Cancer survival classification using integrated data sets and intermediate information

https://doi.org/10.1016/j.artmed.2014.06.003Get rights and content

Abstract

Objective

Although numerous studies related to cancer survival have been published, increasing the prediction accuracy of survival classes still remains a challenge. Integration of different data sets, such as microRNA (miRNA) and mRNA, might increase the accuracy of survival class prediction. Therefore, we suggested a machine learning (ML) approach to integrate different data sets, and developed a novel method based on feature selection with Cox proportional hazard regression model (FSCOX) to improve the prediction of cancer survival time.

Methods

FSCOX provides us with intermediate survival information, which is usually discarded when separating survival into 2 groups (short- and long-term), and allows us to perform survival analysis. We used an ML-based protocol for feature selection, integrating information from miRNA and mRNA expression profiles at the feature level. To predict survival phenotypes, we used the following classifiers, first, existing ML methods, support vector machine (SVM) and random forest (RF), second, a new median-based classifier using FSCOX (FSCOX_median), and third, an SVM classifier using FSCOX (FSCOX_SVM). We compared these methods using 3 types of cancer tissue data sets: (i) miRNA expression, (ii) mRNA expression, and (iii) combined miRNA and mRNA expression. The latter data set included features selected either from the combined miRNA/mRNA profile or independently from miRNAs and mRNAs profiles (IFS).

Results

In the ovarian data set, the accuracy of survival classification using the combined miRNA/mRNA profiles with IFS was 75% using RF, 86.36% using SVM, 84.09% using FSCOX_median, and 88.64% using FSCOX_SVM with a balanced 22 short-term and 22 long-term survivor data set. These accuracies are higher than those using miRNA alone (70.45%, RF; 75%, SVM; 75%, FSCOX_median; and 75%, FSCOX_SVM) or mRNA alone (65.91%, RF; 63.64%, SVM; 72.73%, FSCOX_median; and 70.45%, FSCOX_SVM). Similarly in the glioblastoma multiforme data, the accuracy of miRNA/mRNA using IFS was 75.51% (RF), 87.76% (SVM) 85.71% (FSCOX_median), 85.71% (FSCOX_SVM). These results are higher than the results of using miRNA expression and mRNA expression alone. In addition we predict 16 hsa-miR-23b and hsa-miR-27b target genes in ovarian cancer data sets, obtained by SVM-based feature selection through integration of sequence information and gene expression profiles.

Conclusion

Among the approaches used, the integrated miRNA and mRNA data set yielded better results than the individual data sets. The best performance was achieved using the FSCOX_SVM method with independent feature selection, which uses intermediate survival information between short-term and long-term survival time and the combination of the 2 different data sets. The results obtained using the combined data set suggest that there are some strong interactions between miRNA and mRNA features that are not detectable in the individual analyses.

Introduction

Ovarian cancer is the fifth leading cause of death from gynecological malignancy in the United States and Western Europe [1]. The high mortality rate of ovarian cancer is largely due to the typically advanced stage at initial diagnosis [1]. According to statistics, 75% of patients with ovarian cancer are diagnosed at an advanced stage, for which the 5-year survival rate is only 5–30%, with an average survival time of 21 months. In contrast, the 5-year survival rate among patients diagnosed early exceeds 90% [1]. Glioblastoma multiforme (GBM) is the most common and most aggressive brain tumor and has poorest survival with median 9–15 month. Nevethless, a small percent of patient survived for longer than 3 years [2], [3]. The molecular mechanisms that mediate longer survival in patients with advanced stages of ovarian cancer [4] and GBM [3] are a focus of current research.

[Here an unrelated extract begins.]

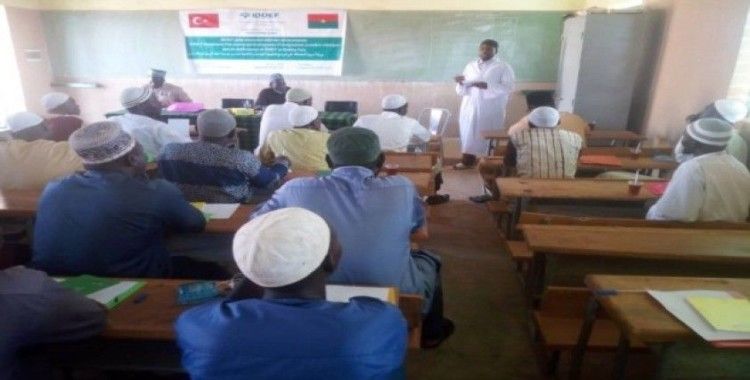 İDDEF Burkina Faso’da ’Eğitim Müessesleri Müfredat Programı’ düzenledi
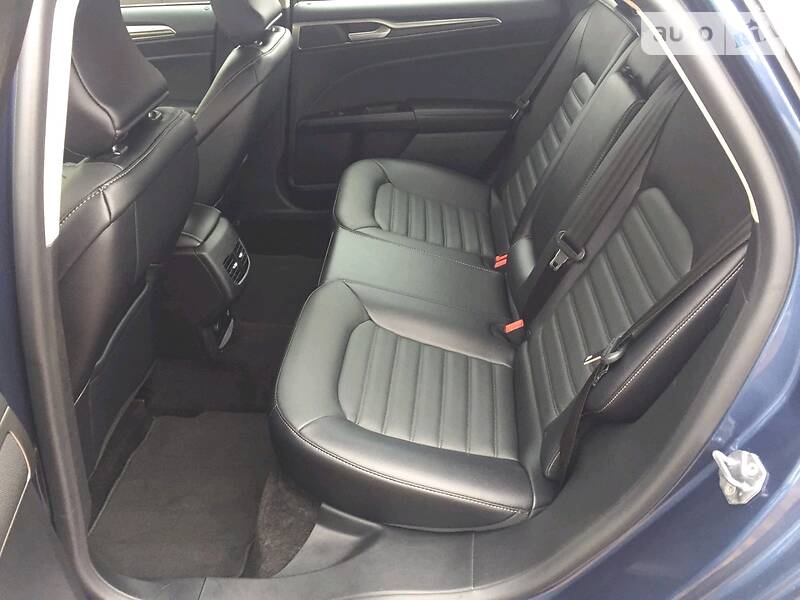 Седан Ford Fusion 2018 в Ровно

Several studies have shown that miRNAs, which are small, 19–22 nucleotide non-coding RNAs [5], play an important role in cancer progression by regulating target mRNAs and mediating translational repression [6], [7], [8]. Molecules such as miRNAs and other noncoding RNAs have received recent attention [9], [10] because of their complicated communication systems in the cell. miRNA expression profiles have been reported to be associated with the characteristics of many cancers, including lung, breast [11], and ovarian [12], [13]. Moreover, mRNA and miRNA studies have been performed for many cancer subtypes [13]. Guo [14] studied the survival time associated with miRNAs chosen for their distinctive expression in esophageal squamous cell carcinoma, and Yu [15] proposed a method that predicted survival and relapse in non-small-cell lung cancer using hazard ratios based on miRNA expression from univariate Cox regression. The study of mRNA in cancer subtypes and cancer prognosis is a much more established area that has had a number of important successes [13], [16], [17], [18], [19]. Nevertheless, developing a method for separating cancer phenotypes remains a challenge, and predicting cancer survival time in ovarian cancer patients based on these expression profiles has not been very successful.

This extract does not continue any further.